Dataset items:
☆ ☆ ☆ ☆

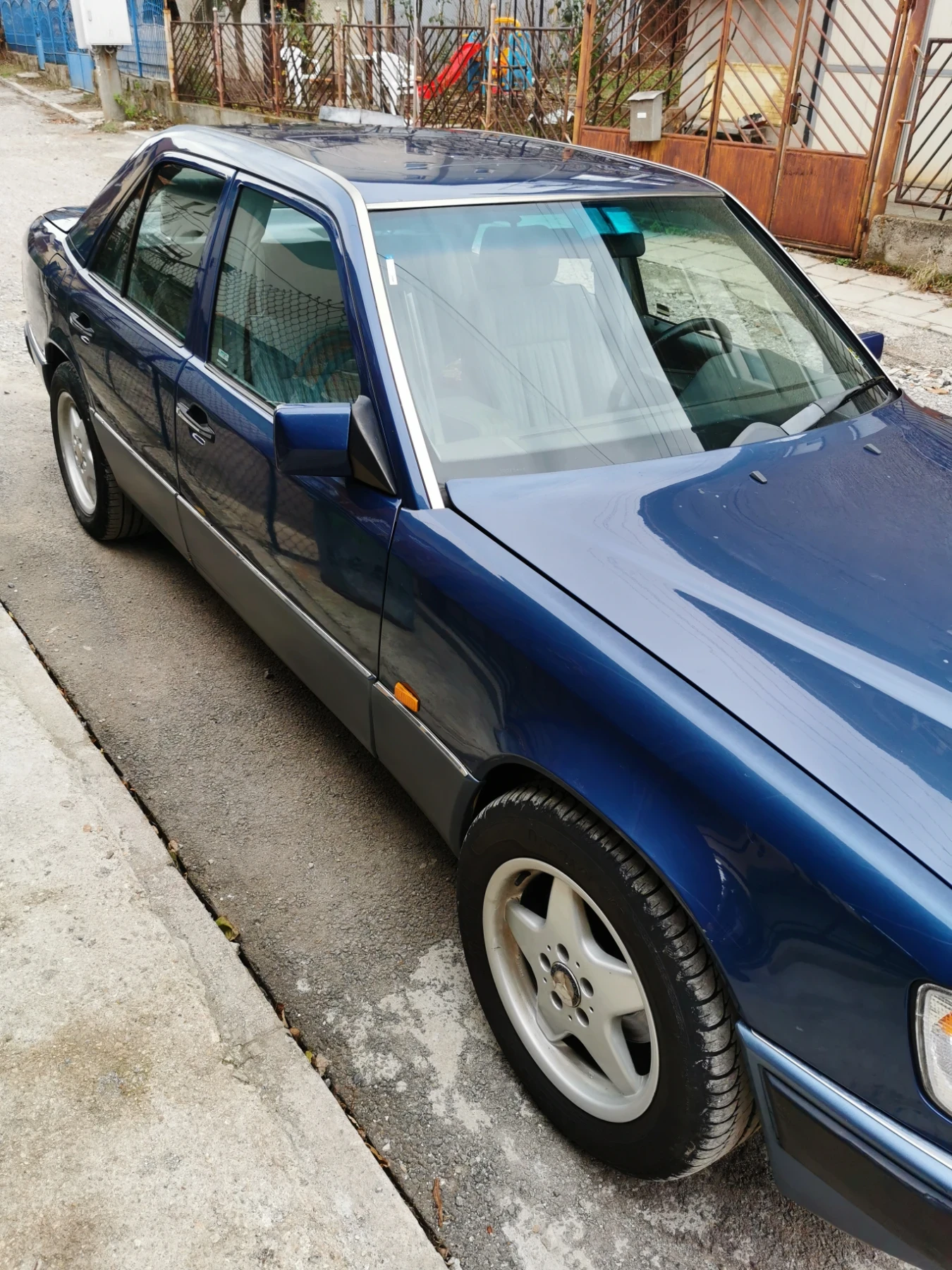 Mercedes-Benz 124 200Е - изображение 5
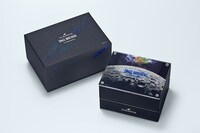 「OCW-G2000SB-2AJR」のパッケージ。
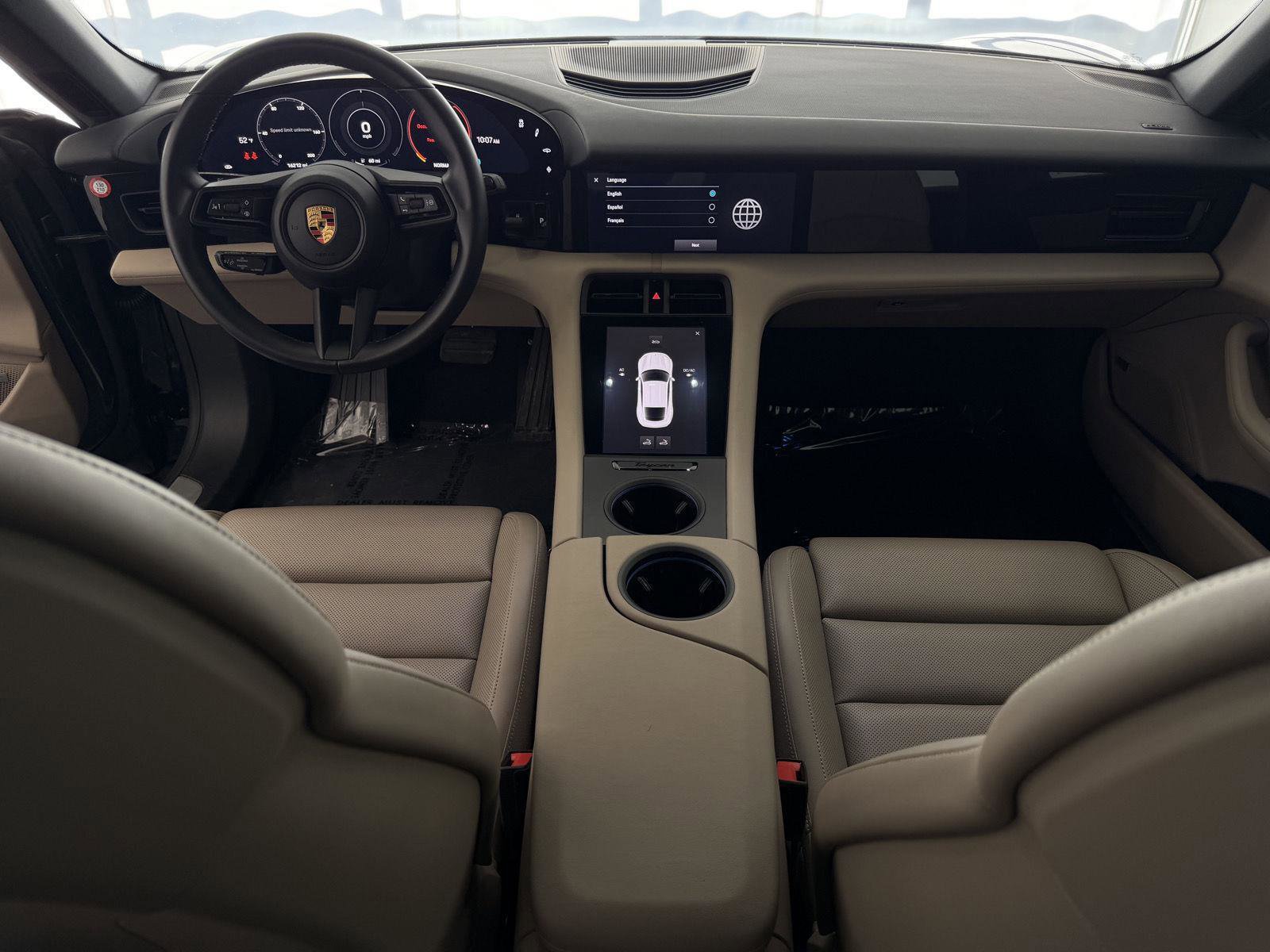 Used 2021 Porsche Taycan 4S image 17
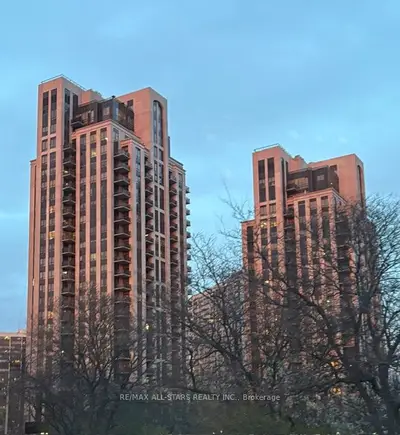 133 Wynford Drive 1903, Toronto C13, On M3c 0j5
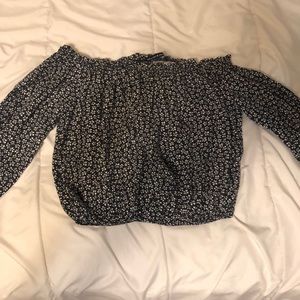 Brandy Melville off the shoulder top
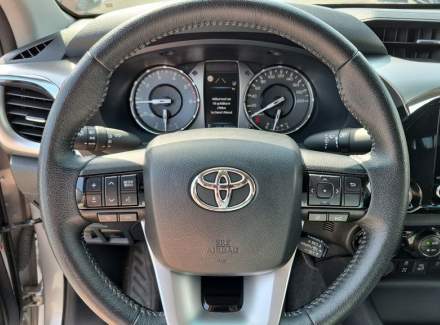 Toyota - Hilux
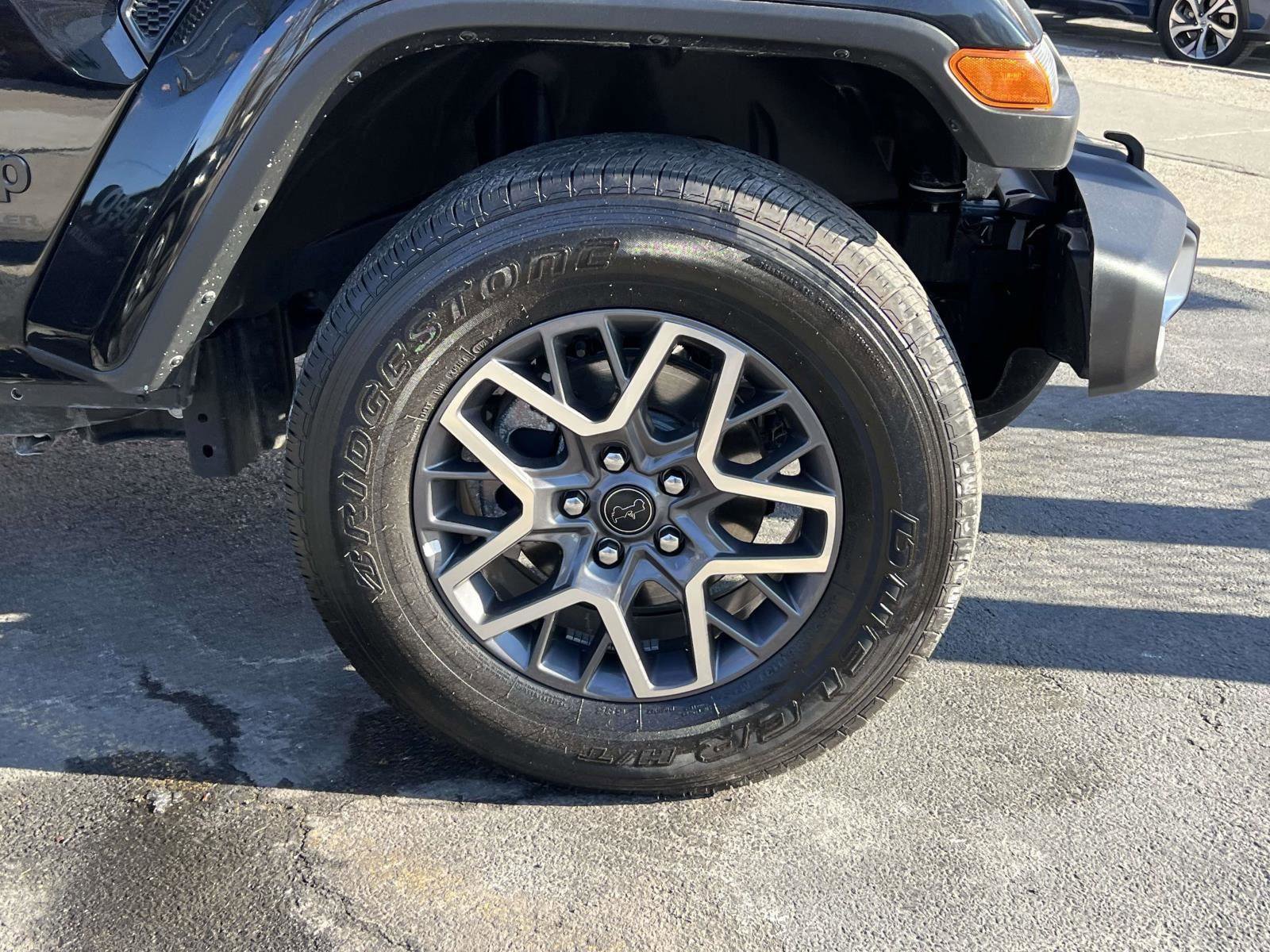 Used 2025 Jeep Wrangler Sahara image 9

☆ ☆ ☆ ☆

Instructions for the task |
Return the data above unchanged. Pictures are not part of the copy.

Result for this task |
 Mercedes-Benz 124 200Е - изображение 5
 「OCW-G2000SB-2AJR」のパッケージ。
 Used 2021 Porsche Taycan 4S image 17
 133 Wynford Drive 1903, Toronto C13, On M3c 0j5
 Brandy Melville off the shoulder top
 Toyota - Hilux
 Used 2025 Jeep Wrangler Sahara image 9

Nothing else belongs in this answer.